France | France, Cour administrative d'appel de Nancy, 3ème chambre, 29 septembre 2020, 19NC00841


Vu la procédure suivante :

Procédure contentieuse antérieure :

Mme B... F... a demandé au tribunal administratif de Strasbourg de condamner la commune de Hayange à lui verser la somme de 7 702,30 euros en réparation des préjudices qu'elle estime avoir subis du fait de l'absence de maintien du régime indemnitaire dont elle bénéficiait dans sa collectivité d'origine lors de sa mutation au sein de cette commune.

Par un jugement n° 1703548 du 22 janvier 2019, le tribunal administratif de Strasbourg a condamné la commune de Hayange à verser à Mme F... la somme d

e 4 340,59 euros et a rejeté le surplus des conclusions de sa demande.

Procédur...

Vu la procédure suivante :

Procédure contentieuse antérieure :

Mme B... F... a demandé au tribunal administratif de Strasbourg de condamner la commune de Hayange à lui verser la somme de 7 702,30 euros en réparation des préjudices qu'elle estime avoir subis du fait de l'absence de maintien du régime indemnitaire dont elle bénéficiait dans sa collectivité d'origine lors de sa mutation au sein de cette commune.

Par un jugement n° 1703548 du 22 janvier 2019, le tribunal administratif de Strasbourg a condamné la commune de Hayange à verser à Mme F... la somme de 4 340,59 euros et a rejeté le surplus des conclusions de sa demande.
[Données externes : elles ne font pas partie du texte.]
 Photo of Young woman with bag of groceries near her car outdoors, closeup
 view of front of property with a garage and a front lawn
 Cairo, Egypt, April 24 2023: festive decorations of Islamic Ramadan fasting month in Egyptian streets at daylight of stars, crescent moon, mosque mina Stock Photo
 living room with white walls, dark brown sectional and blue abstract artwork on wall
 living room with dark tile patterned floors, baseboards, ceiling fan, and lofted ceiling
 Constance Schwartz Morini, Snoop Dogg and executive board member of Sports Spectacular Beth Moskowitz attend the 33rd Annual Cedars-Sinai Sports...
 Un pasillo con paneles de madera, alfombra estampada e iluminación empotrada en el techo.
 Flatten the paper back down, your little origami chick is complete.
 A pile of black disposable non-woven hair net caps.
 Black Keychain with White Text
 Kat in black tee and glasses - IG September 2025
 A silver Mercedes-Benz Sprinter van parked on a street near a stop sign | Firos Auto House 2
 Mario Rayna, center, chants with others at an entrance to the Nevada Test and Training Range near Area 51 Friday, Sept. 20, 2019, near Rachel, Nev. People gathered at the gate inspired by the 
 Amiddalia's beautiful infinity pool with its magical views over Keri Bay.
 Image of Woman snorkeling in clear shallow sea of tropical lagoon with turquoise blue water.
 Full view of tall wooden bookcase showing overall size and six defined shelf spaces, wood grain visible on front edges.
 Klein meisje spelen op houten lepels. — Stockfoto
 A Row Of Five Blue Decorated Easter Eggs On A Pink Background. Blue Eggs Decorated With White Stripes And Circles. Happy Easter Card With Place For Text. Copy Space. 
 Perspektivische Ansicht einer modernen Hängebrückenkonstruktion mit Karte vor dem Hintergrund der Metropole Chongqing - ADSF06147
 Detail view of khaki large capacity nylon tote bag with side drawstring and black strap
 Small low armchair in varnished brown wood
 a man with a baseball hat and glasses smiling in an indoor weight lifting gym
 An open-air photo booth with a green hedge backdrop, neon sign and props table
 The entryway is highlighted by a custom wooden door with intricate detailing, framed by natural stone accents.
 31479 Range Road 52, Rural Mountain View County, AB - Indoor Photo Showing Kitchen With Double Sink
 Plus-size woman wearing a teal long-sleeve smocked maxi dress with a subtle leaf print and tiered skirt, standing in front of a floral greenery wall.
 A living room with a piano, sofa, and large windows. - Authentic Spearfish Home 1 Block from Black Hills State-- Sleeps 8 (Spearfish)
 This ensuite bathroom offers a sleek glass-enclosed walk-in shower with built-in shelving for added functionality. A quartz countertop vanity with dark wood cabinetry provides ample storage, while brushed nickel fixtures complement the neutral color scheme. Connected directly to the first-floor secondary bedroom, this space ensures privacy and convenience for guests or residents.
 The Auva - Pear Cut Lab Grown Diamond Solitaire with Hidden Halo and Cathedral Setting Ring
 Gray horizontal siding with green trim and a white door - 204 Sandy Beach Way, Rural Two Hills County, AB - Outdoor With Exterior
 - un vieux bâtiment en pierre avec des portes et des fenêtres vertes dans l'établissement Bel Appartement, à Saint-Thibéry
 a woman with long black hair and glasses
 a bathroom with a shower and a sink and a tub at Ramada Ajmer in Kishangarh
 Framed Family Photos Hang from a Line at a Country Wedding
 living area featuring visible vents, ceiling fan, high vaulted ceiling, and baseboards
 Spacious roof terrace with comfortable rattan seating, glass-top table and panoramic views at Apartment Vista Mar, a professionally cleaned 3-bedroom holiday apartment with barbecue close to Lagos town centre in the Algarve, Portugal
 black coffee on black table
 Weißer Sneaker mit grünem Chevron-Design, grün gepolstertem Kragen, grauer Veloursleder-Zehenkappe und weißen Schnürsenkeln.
Procédure devant la cour :

Par une requête, enregistrée le 21 mars 2019, et trois mémoires complémentaires enregistrés les 6 avril, 16 avril et 2 septembre 2020, la commune de Hayange, représentée par Me A..., doit être regardée comme demandant à la cour :

1°) d'annuler le jugement n° 1703548 du tribunal administratif de Strasbourg du 22 janvier 2019 en tant qu'il la condamne à verser à Mme F... la somme de 4 340,59 euros ;

2°) de rejeter la demande présentée en première instance par Mme F... ;

3°) de mettre à la charge de Mme F... la somme de 3 000 euros en application des dispositions de l'article L. 761-1 du code de justice administrative.

Elle soutient que :

- la demande présentée en première instance par Mme F... est irrecevable en raison de sa tardiveté ;

- en l'absence d'une délibération en ce sens de son conseil municipal, elle était dans l'impossibilité de verser à Mme F... l'indemnité d'exercice de missions des préfectures ;

- le préjudice moral allégué par Mme F... devant les premiers juges n'est pas établi.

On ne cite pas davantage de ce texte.